» **TASK PROMPT**
Would you copy exactly the lines in the data below from the one that has "Deepening Your Practice" through the one that has "Click to Enlarge", dropping any pictures?

» **INFORMATION GIVEN**
=== Section Start ===

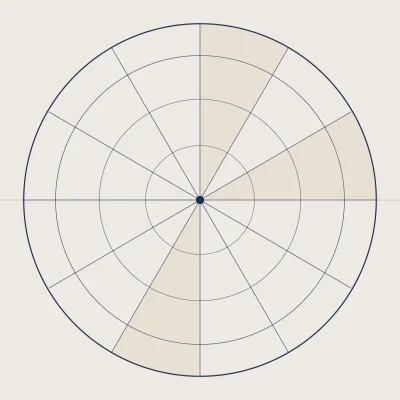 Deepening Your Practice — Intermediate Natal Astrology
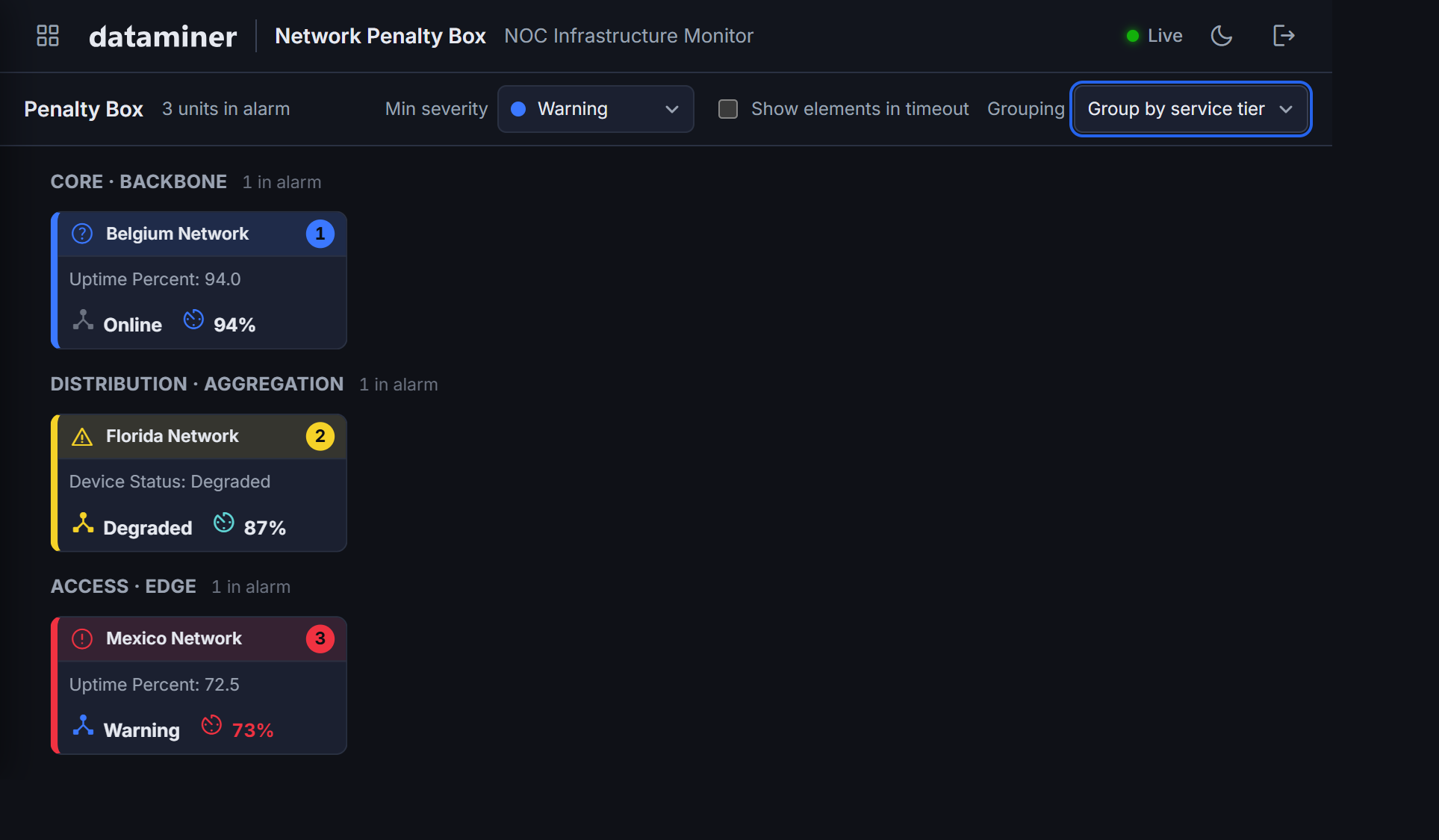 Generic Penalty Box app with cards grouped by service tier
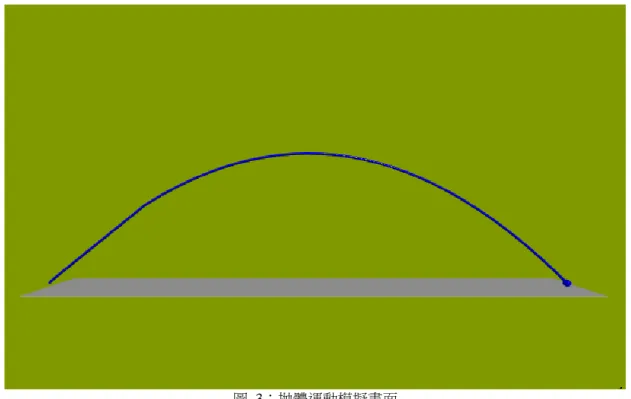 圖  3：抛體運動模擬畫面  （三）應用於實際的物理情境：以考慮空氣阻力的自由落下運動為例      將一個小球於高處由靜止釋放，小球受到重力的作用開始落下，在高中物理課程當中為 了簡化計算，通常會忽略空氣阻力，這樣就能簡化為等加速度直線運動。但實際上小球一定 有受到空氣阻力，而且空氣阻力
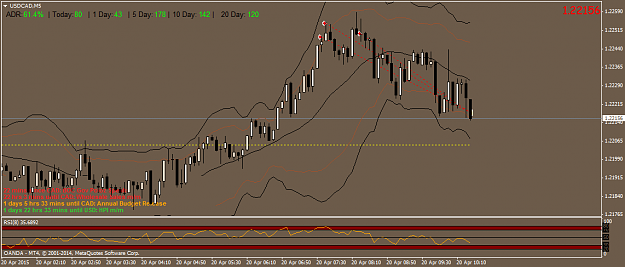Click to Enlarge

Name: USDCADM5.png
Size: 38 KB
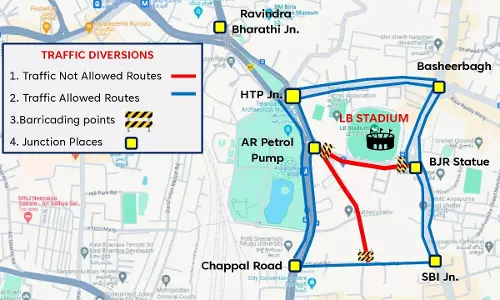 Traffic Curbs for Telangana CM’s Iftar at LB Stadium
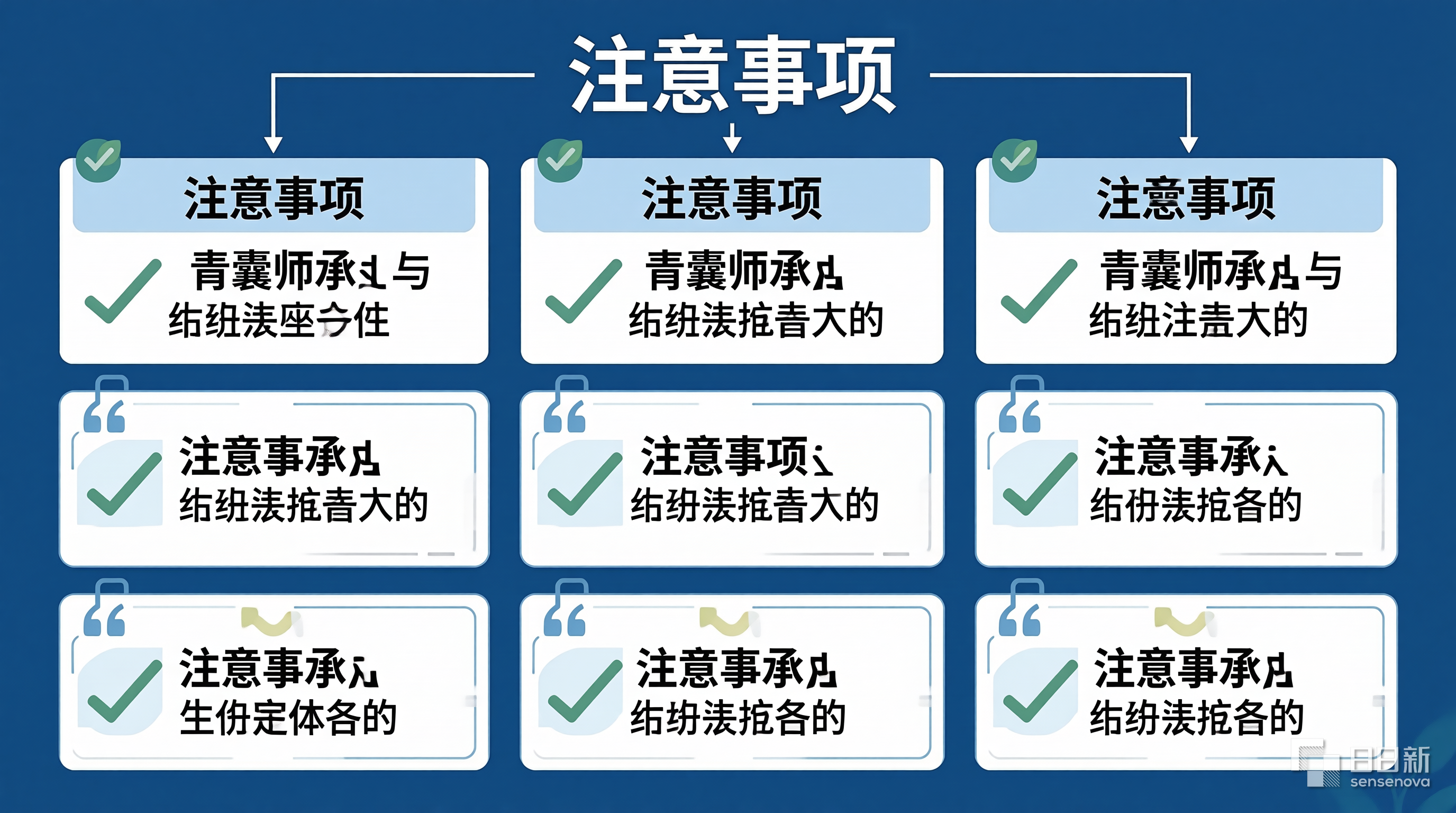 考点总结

=== Section End ===
=== Section Start ===

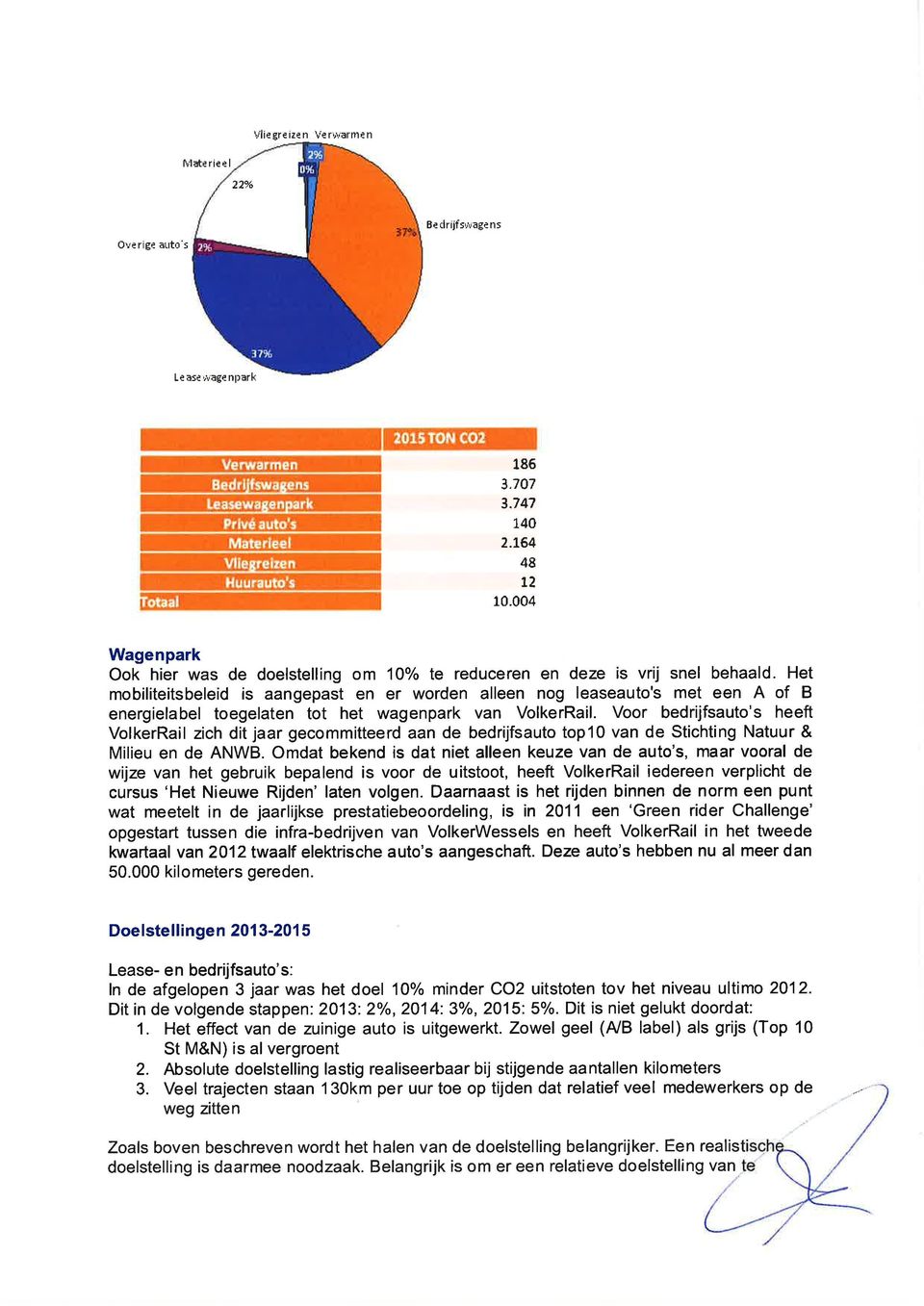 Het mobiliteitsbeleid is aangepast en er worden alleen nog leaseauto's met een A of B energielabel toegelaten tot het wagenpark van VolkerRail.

=== Section End ===
=== Section Start ===

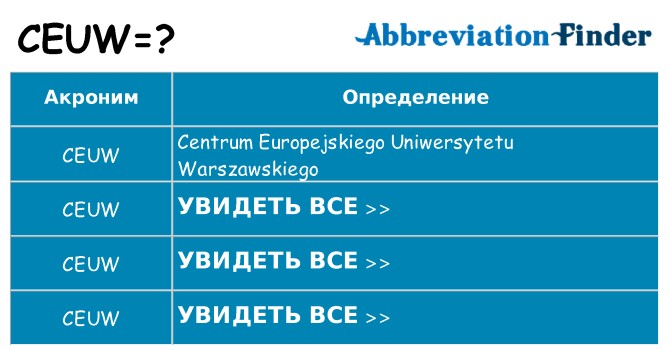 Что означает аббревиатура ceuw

=== Section End ===

» **ANSWER TO THE PROBLEM**
 Deepening Your Practice — Intermediate Natal Astrology
 Generic Penalty Box app with cards grouped by service tier
 圖  3：抛體運動模擬畫面  （三）應用於實際的物理情境：以考慮空氣阻力的自由落下運動為例      將一個小球於高處由靜止釋放，小球受到重力的作用開始落下，在高中物理課程當中為 了簡化計算，通常會忽略空氣阻力，這樣就能簡化為等加速度直線運動。但實際上小球一定 有受到空氣阻力，而且空氣阻力
Click to Enlarge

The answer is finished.